Saved data entries
•••••

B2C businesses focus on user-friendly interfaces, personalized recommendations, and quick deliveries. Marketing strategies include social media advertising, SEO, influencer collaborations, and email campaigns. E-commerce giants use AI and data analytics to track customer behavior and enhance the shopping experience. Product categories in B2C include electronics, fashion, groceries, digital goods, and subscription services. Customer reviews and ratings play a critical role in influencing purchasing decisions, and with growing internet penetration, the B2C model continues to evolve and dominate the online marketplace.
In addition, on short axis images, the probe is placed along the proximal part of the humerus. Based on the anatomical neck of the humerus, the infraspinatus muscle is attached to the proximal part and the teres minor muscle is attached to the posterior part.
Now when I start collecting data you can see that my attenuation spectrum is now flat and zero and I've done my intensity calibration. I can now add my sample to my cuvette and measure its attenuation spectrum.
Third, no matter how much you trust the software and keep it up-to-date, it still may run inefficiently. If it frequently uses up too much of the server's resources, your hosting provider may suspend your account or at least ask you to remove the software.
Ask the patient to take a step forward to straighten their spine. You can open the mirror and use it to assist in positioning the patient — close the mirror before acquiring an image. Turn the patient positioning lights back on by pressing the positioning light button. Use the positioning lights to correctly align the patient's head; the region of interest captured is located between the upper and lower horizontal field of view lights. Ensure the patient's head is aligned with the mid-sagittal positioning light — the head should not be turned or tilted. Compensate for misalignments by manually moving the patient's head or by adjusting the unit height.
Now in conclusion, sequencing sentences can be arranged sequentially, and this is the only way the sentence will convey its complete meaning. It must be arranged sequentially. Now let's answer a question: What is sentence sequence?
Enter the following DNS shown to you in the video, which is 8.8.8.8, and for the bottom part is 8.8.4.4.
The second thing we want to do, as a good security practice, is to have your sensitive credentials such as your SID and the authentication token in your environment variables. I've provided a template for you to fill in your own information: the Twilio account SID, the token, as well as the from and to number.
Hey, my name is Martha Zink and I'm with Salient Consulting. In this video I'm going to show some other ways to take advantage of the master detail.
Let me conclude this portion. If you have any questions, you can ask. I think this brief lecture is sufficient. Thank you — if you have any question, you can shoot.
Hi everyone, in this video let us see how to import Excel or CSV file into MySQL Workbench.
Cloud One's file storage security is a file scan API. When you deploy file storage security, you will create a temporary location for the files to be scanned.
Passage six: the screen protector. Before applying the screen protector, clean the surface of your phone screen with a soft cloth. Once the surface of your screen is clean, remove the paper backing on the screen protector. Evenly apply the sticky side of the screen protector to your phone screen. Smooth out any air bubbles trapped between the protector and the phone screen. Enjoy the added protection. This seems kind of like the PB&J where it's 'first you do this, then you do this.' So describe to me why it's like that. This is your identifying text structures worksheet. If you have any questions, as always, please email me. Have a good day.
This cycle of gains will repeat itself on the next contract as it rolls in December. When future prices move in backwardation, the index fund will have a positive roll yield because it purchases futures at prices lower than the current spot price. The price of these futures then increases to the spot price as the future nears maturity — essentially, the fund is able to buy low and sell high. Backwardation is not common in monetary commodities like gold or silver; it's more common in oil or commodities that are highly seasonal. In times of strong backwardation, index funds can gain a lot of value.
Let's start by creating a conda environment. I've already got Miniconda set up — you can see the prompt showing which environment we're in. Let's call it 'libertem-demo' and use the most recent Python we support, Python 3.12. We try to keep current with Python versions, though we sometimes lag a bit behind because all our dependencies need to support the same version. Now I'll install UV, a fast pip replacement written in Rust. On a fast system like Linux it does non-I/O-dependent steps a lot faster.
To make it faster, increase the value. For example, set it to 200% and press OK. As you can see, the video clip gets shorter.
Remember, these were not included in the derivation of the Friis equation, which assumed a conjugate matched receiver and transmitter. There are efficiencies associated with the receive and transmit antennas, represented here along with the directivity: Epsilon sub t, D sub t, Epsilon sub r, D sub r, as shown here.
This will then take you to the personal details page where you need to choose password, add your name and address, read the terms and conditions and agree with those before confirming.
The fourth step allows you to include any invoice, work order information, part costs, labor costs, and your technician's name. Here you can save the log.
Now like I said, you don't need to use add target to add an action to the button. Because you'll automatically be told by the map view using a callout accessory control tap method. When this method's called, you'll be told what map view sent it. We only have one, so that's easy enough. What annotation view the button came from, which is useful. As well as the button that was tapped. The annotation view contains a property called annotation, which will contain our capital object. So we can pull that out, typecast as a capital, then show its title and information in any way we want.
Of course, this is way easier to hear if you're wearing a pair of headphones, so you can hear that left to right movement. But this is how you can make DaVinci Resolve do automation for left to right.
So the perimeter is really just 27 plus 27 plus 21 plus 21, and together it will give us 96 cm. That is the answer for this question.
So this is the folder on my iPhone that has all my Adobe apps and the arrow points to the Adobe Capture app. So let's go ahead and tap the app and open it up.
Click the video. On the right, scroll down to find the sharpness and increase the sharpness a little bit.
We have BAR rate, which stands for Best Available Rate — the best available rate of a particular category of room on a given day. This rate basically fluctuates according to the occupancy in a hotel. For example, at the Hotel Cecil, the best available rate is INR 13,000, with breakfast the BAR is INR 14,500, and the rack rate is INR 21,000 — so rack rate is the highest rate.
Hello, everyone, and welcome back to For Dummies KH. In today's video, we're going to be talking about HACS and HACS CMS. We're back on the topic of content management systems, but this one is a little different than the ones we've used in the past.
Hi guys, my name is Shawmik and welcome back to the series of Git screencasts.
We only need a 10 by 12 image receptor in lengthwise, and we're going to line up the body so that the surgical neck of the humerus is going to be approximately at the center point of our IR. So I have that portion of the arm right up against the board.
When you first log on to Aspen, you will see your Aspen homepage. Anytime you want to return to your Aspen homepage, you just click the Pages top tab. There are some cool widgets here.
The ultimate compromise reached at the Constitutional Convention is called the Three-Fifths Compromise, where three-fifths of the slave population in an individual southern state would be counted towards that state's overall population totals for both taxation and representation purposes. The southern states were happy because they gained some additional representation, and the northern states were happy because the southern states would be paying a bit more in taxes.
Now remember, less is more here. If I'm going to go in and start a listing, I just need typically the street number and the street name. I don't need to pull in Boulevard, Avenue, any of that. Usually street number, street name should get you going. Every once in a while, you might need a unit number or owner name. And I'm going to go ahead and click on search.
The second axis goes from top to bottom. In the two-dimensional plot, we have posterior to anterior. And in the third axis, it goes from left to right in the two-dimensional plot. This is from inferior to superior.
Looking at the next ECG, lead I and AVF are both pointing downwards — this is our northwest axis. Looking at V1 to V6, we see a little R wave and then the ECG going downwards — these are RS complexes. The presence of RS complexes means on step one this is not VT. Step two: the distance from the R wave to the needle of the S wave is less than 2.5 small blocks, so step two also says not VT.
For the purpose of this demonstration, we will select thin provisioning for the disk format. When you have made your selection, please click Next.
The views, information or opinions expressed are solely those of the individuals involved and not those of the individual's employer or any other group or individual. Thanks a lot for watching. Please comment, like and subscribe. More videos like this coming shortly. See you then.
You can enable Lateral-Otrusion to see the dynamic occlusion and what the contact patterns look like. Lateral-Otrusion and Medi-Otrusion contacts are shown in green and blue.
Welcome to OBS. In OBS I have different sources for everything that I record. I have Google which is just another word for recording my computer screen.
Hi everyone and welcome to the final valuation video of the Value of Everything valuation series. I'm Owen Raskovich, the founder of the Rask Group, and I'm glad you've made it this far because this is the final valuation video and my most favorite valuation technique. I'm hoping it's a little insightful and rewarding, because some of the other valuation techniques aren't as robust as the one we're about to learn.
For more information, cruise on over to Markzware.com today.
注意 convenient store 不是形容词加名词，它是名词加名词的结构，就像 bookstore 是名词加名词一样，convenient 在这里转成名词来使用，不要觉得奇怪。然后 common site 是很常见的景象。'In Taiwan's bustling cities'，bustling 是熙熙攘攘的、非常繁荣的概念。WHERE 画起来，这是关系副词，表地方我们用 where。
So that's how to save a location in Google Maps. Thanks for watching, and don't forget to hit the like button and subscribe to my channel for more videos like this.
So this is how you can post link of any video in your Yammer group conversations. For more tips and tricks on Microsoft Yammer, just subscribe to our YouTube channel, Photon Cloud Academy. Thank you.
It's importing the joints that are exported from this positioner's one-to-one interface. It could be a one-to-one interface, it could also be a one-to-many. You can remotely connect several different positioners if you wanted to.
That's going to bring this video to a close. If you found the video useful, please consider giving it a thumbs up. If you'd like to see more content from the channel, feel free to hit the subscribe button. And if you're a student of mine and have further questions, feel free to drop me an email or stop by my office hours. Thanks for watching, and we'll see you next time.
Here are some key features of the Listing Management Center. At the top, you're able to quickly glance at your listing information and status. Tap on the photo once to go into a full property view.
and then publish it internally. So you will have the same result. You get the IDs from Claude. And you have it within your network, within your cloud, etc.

•••••

▸ **WHAT TO DO**: Across the records above, return every line that contains the word "these".

▸ **RESPONSE TO THE EXERCISE**:
This cycle of gains will repeat itself on the next contract as it rolls in December. When future prices move in backwardation, the index fund will have a positive roll yield because it purchases futures at prices lower than the current spot price. The price of these futures then increases to the spot price as the future nears maturity — essentially, the fund is able to buy low and sell high. Backwardation is not common in monetary commodities like gold or silver; it's more common in oil or commodities that are highly seasonal. In times of strong backwardation, index funds can gain a lot of value.
Remember, these were not included in the derivation of the Friis equation, which assumed a conjugate matched receiver and transmitter. There are efficiencies associated with the receive and transmit antennas, represented here along with the directivity: Epsilon sub t, D sub t, Epsilon sub r, D sub r, as shown here.
Looking at the next ECG, lead I and AVF are both pointing downwards — this is our northwest axis. Looking at V1 to V6, we see a little R wave and then the ECG going downwards — these are RS complexes. The presence of RS complexes means on step one this is not VT. Step two: the distance from the R wave to the needle of the S wave is less than 2.5 small blocks, so step two also says not VT.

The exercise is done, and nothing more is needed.